Study provides nuanced answer to whether KIPP students have higher college graduation rates

KIPP, the largest charter school network in the country, prides itself on its commitment to guiding students to and through college, so a recent study provided a compelling evaluation of its model.

In the study, researchers compared students who won a random lottery to attend a KIPP middle school with those who lost the lottery. The result: both groups attained college degrees at a similar rate of 22%. Mathematica, the company conducting the research, concluded that “KIPP middle schools had little to no impact on four-year degree completion rates.”

However, the researchers then analyzed a subset of students who also attended a KIPP high school, although this portion of the study was not based on a random lottery. The results from this subset were encouraging, showing that attending both a KIPP middle and high school significantly increased students’ chances of enrolling in and completing college.

These findings were highlighted by KIPP officials and the media when the study was released last month.

Combining the results, however, presents a nuanced assessment of KIPP charter schools. The combined outcomes for middle and high school are promising, aligning with KIPP’s track record of improving student learning. Nevertheless, the less encouraging results from middle school alone are based on a larger and more methodologically robust group of students due to the random lottery selection.

As a result, some experts argue that more research is necessary before definitive conclusions can be drawn about KIPP.

“This is suggestive evidence,” said Jon Baron, President for the Coalition for Evidence Based Policy, commenting on the middle and high school results. “This really needs to be tested in further study before being accepted.”

(Baron previously held a position at Arnold Ventures, the philanthropic organization that funded this research.)

The study examined over 2,000 students who applied to attend one of 21 KIPP middle schools in either 2008, 2009, or 2011. The researchers tracked and compared the outcomes of lottery winners and losers over the next decade and beyond.

Prior research has demonstrated that KIPP improves test scores, but this new study reveals limited long-term benefits from attending a KIPP middle school. While there was a suggestion that students were more likely to enroll in college, they persisted and graduated at similar rates as students who lost the KIPP lottery. This analysis forms the study’s “primary analysis.”

However, the Mathematica researchers also conducted an additional “exploratory analysis,” indicating a slightly lower level of confidence in these findings. In this secondary analysis, the study employed a rigorous approach that was not based on a random lottery. (Despite this, several news outlets and commentators inaccurately described these exploratory findings as lottery-based.)

This secondary analysis focused on a smaller group of KIPP middle school students who also attended a KIPP high school. These students demonstrated significant benefits from the extended KIPP education, with 39% of them earning a four-year college degree compared to 20% in a comparison group.
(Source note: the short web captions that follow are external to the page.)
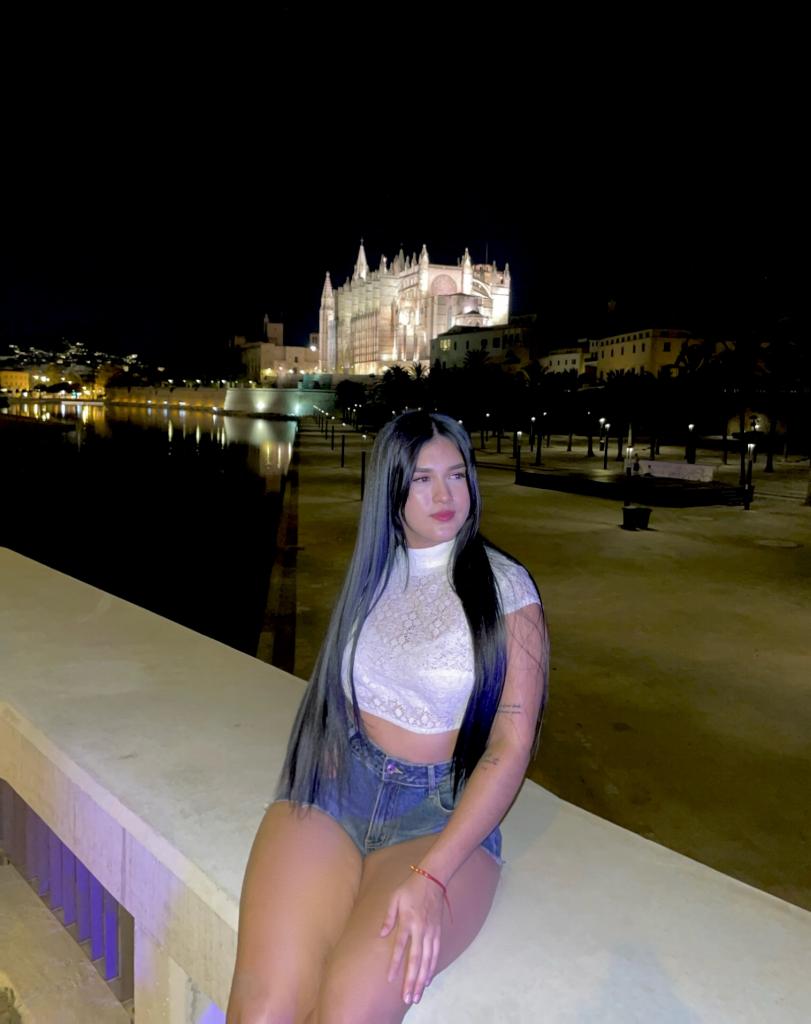 Chica busca chico en Ibiza: 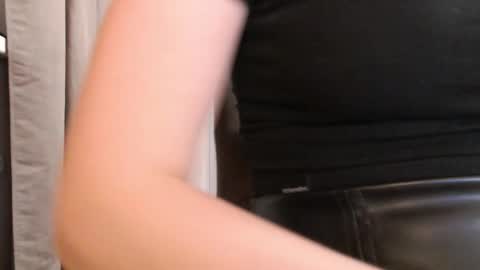       online show from 09/14/25, 06:07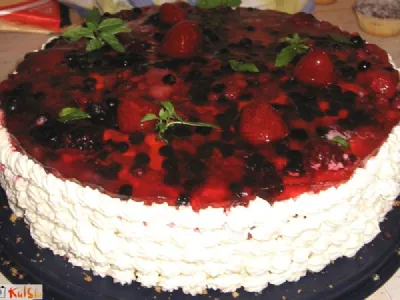 Osvežilna torta z gozdnimi sadeži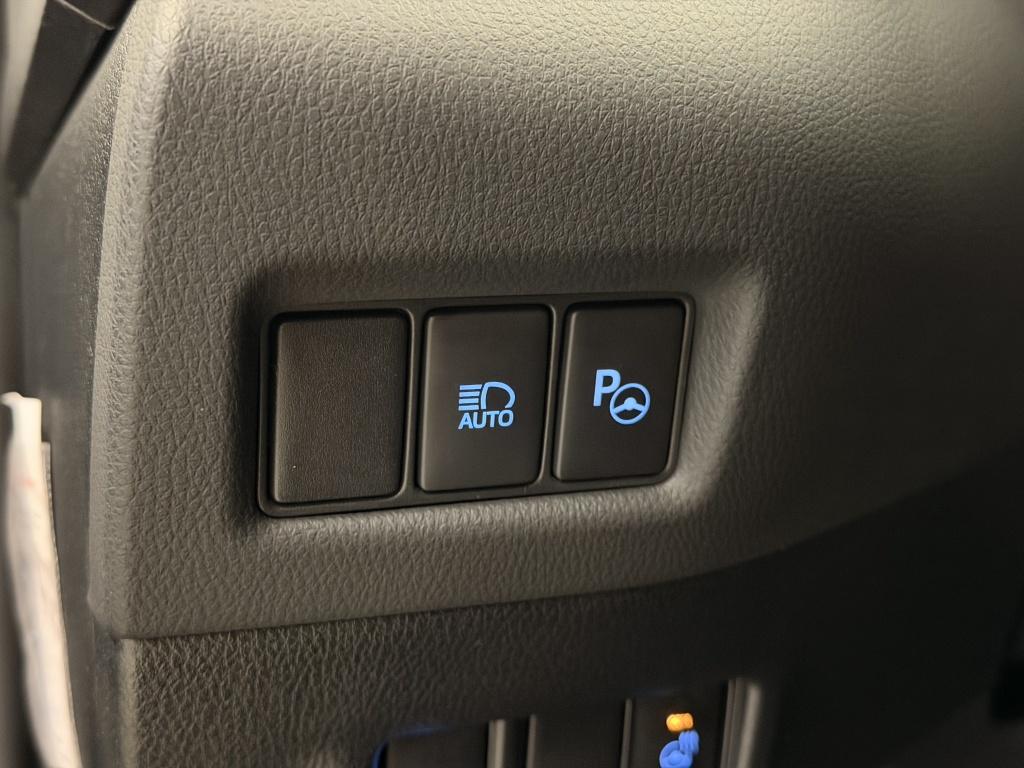 Toyota C-hr 1.8 hybrid executive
These results, shared with reporters prior to the study’s release, were praised by KIPP leaders.

“The Mathematica study shows that a continuous KIPP education, spanning middle school and high school, is transformative and has the potential to close the educational opportunity gaps faced by Black and Latinx students,” stated Shavar Jeffries, CEO of the KIPP Foundation.
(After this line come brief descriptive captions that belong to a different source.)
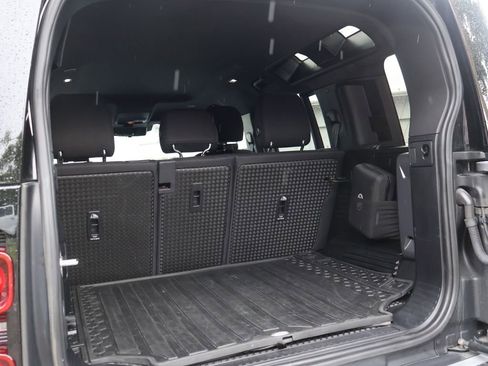 Used 2022 Land Rover Defender 110 AWD/4WD image 9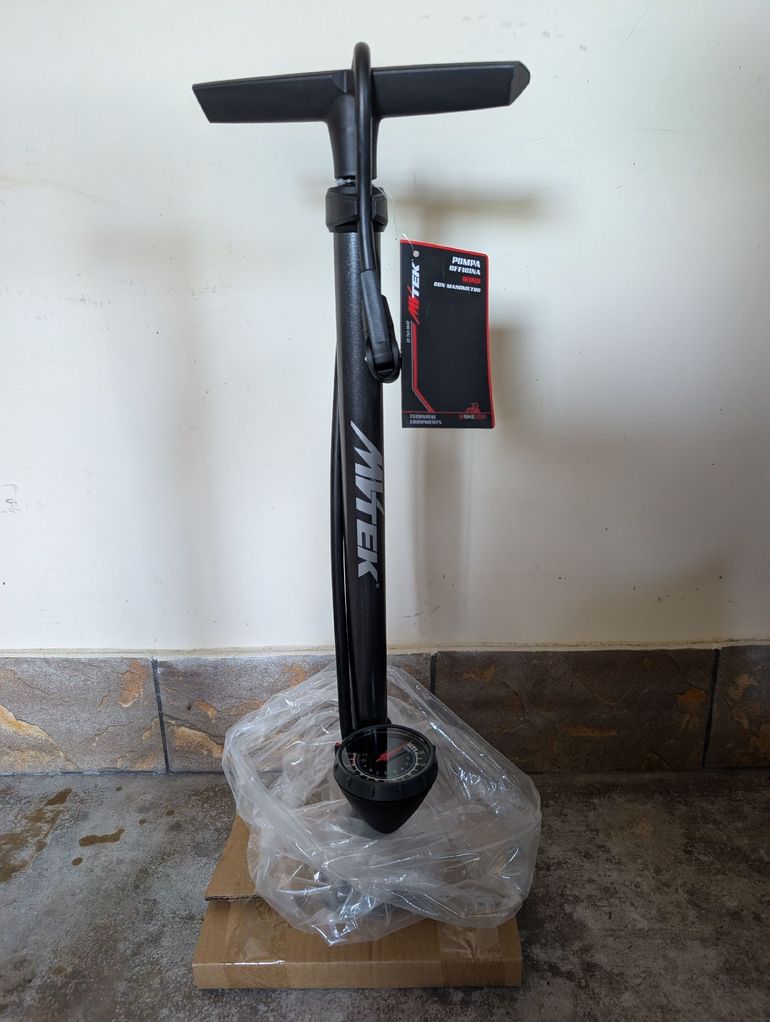 Used mv-tek Pompa Wind con Manometro in Acciaio 2026 bike — image 1 of 2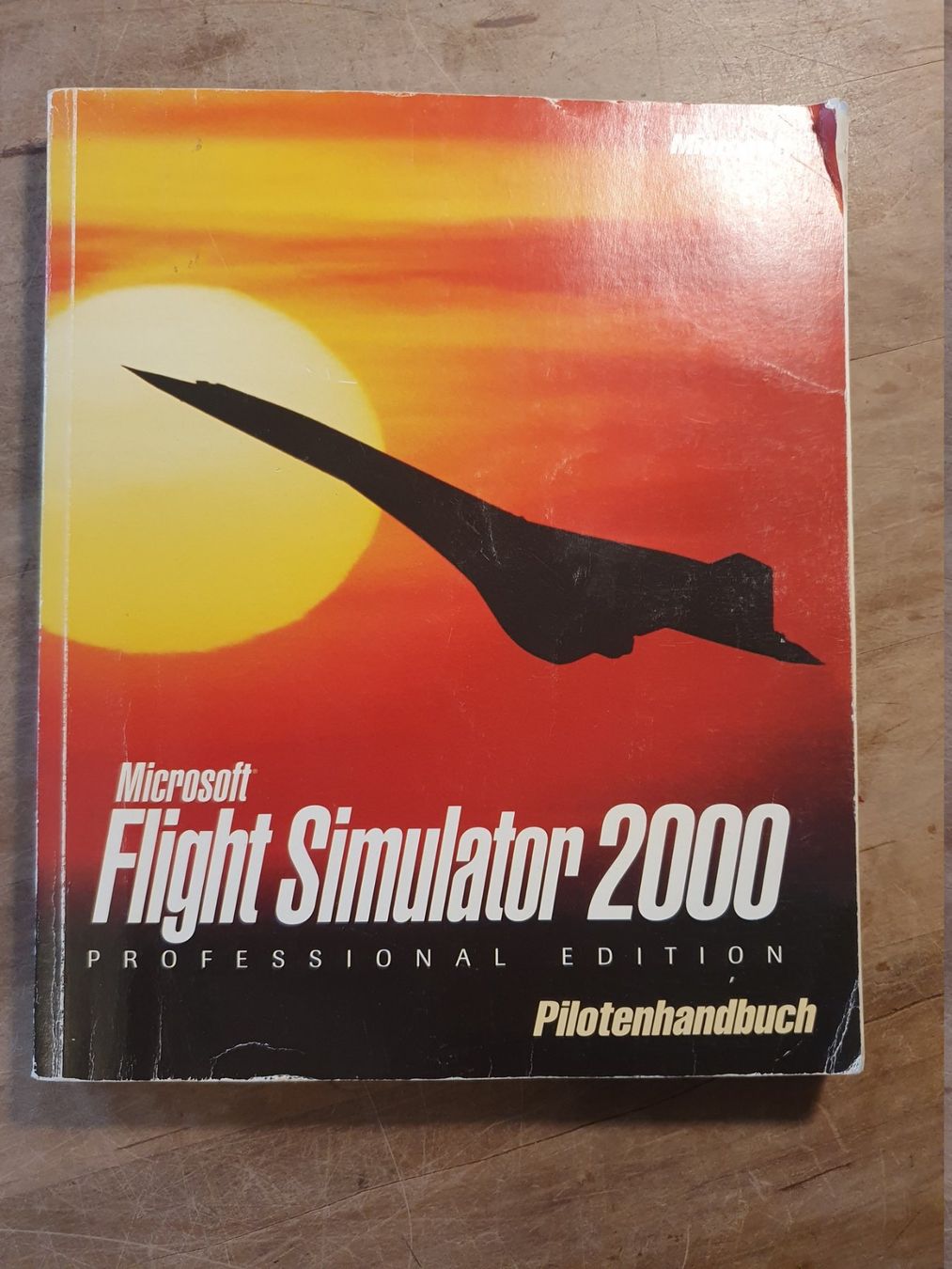 Livres: Microsoft Flight Simulator 2000 Microsoft – D'occasion à Zürich par loosebone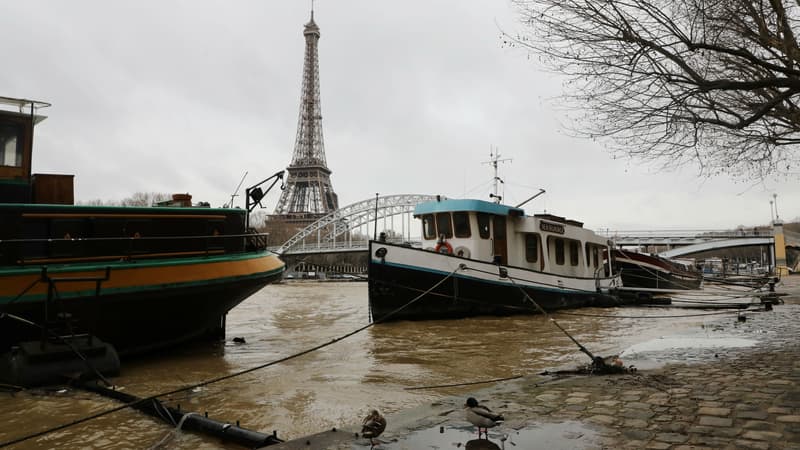 La Seine déborde à Paris.
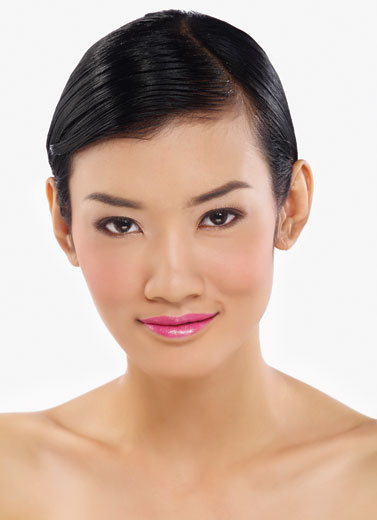 Trik Membentuk Bibir Asimetris.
The Mathematica researchers suggest that these gains may be attributed to the emphasis KIPP high schools place on guiding students toward college. The study proposes that “this large effect results from combining the well-established benefits of attending a KIPP middle school (a substantial boost to students’ academic achievement) with the strong emphasis on college-related support found in KIPP high schools.”

However, the two sets of findings present something of a puzzle: the group of KIPP middle and high school students who experienced significant gains in college completion were a small subset of the larger group of middle school students who did not observe any improvements. Nevertheless, the overall impact on college completion for middle school students was estimated to be close to zero. Ira Nichols-Barrer, one of the Mathematica researchers, suggests that this is because the middle and high school group constituted a small subset of the entire sample.

He affirms that further research would help clarify the discrepancy between the study’s two major findings. “Our hope is that this study is not the final phase,” he added.